▸ **Task to carry out**
Return only the lines of the data below from the line with "2024 Mitsubishi Outlander SE" up to and including the line with "BODEGA DISPONIBLE PARA", exactly as written, with the pictures omitted.
[Given information Boundary: Start]
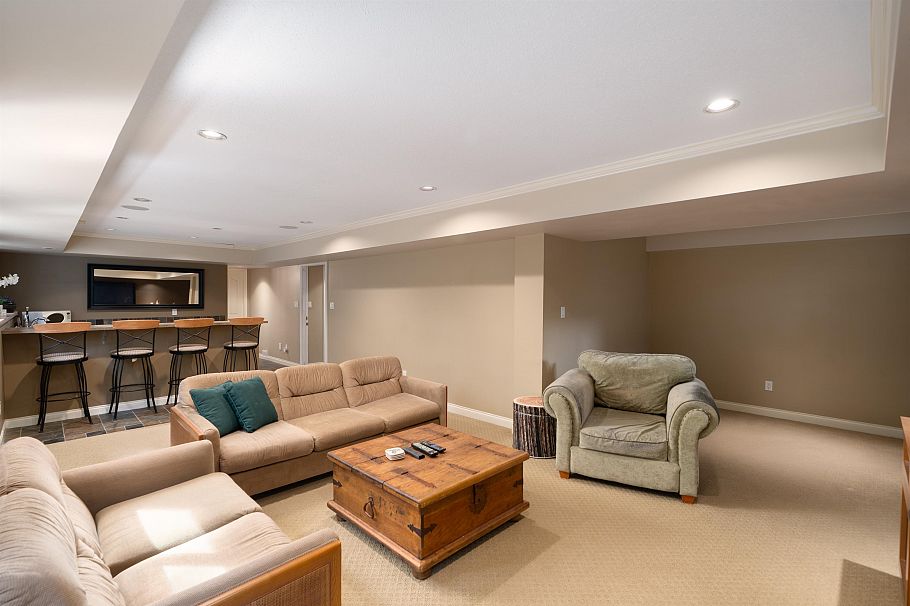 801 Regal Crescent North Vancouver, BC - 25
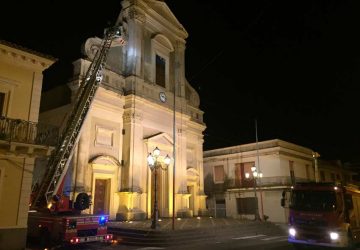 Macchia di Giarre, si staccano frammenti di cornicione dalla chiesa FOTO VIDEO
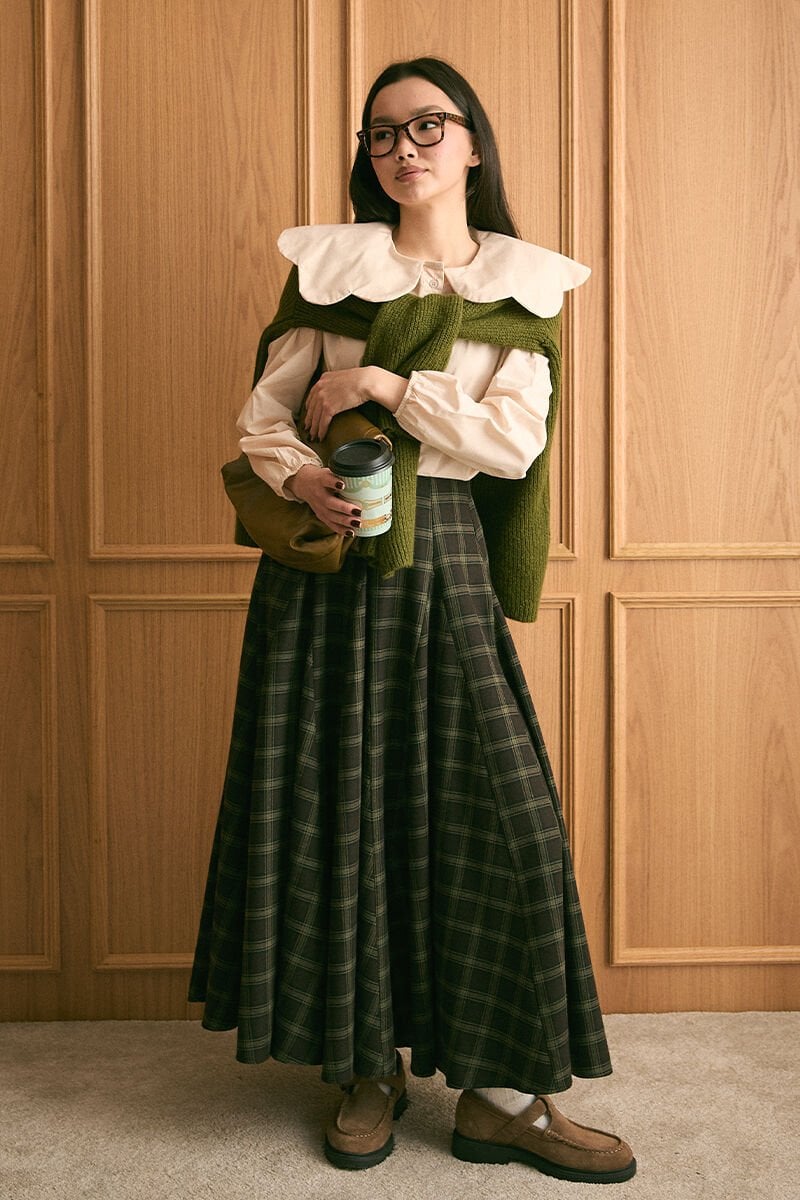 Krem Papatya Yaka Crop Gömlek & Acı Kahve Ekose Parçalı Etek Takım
[Given information Boundary: End]
[Given information Boundary: Start]
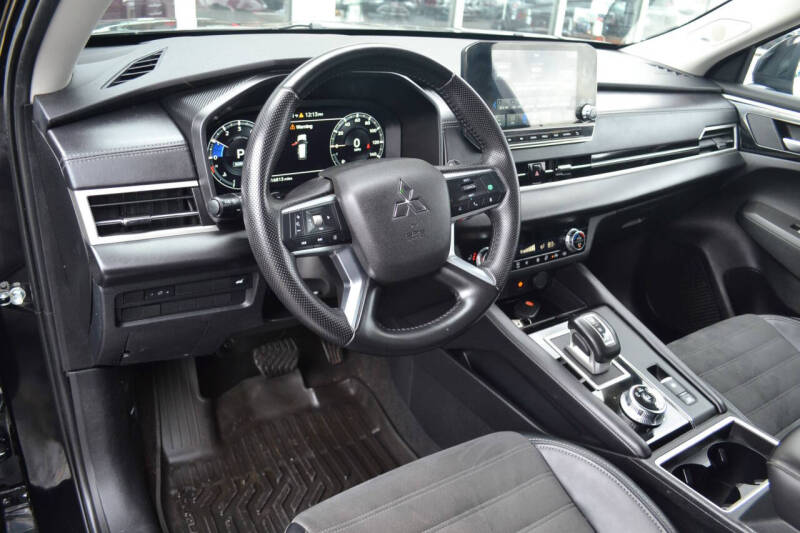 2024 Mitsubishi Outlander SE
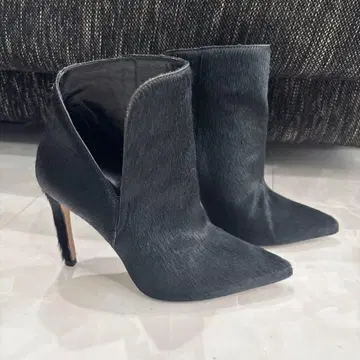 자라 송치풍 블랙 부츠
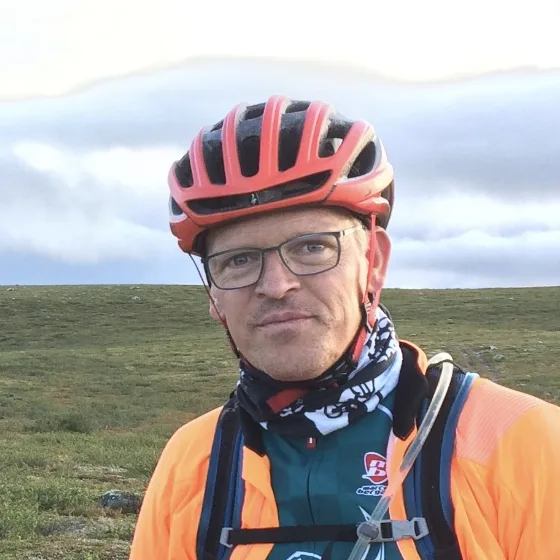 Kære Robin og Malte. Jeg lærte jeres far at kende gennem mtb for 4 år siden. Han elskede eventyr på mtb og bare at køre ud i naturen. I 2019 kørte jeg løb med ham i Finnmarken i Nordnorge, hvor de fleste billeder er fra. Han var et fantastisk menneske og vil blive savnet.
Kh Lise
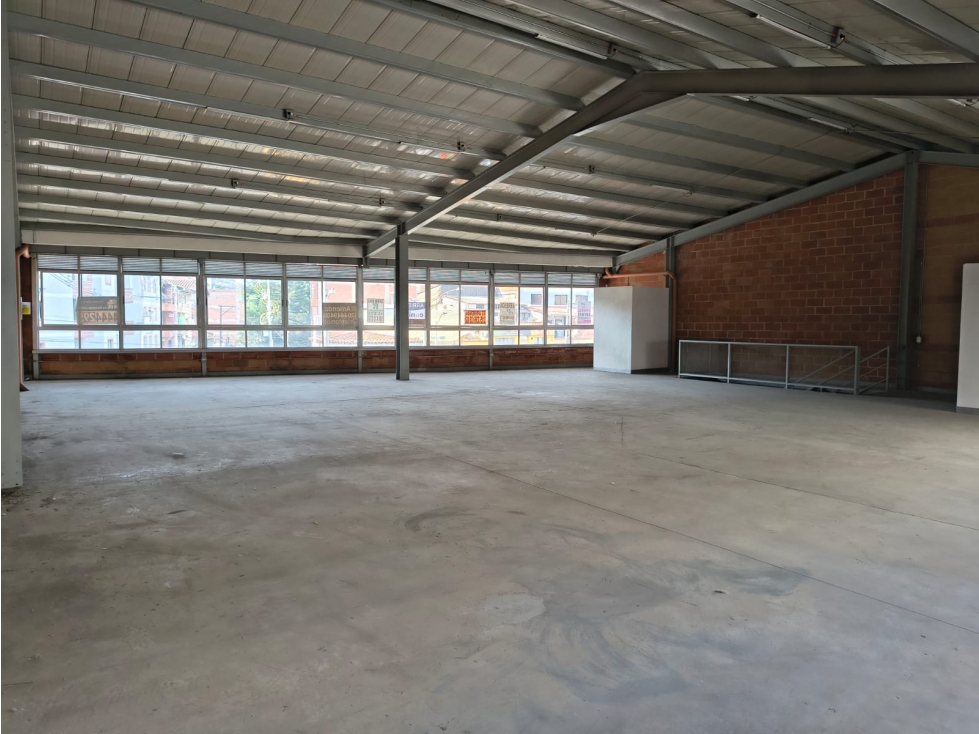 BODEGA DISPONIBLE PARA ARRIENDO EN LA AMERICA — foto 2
[Given information Boundary: End]
▸ **Result below**
 2024 Mitsubishi Outlander SE
 자라 송치풍 블랙 부츠
 Kære Robin og Malte. Jeg lærte jeres far at kende gennem mtb for 4 år siden. Han elskede eventyr på mtb og bare at køre ud i naturen. I 2019 kørte jeg løb med ham i Finnmarken i Nordnorge, hvor de fleste billeder er fra. Han var et fantastisk menneske og vil blive savnet.
Kh Lise
 BODEGA DISPONIBLE PARA ARRIENDO EN LA AMERICA — foto 2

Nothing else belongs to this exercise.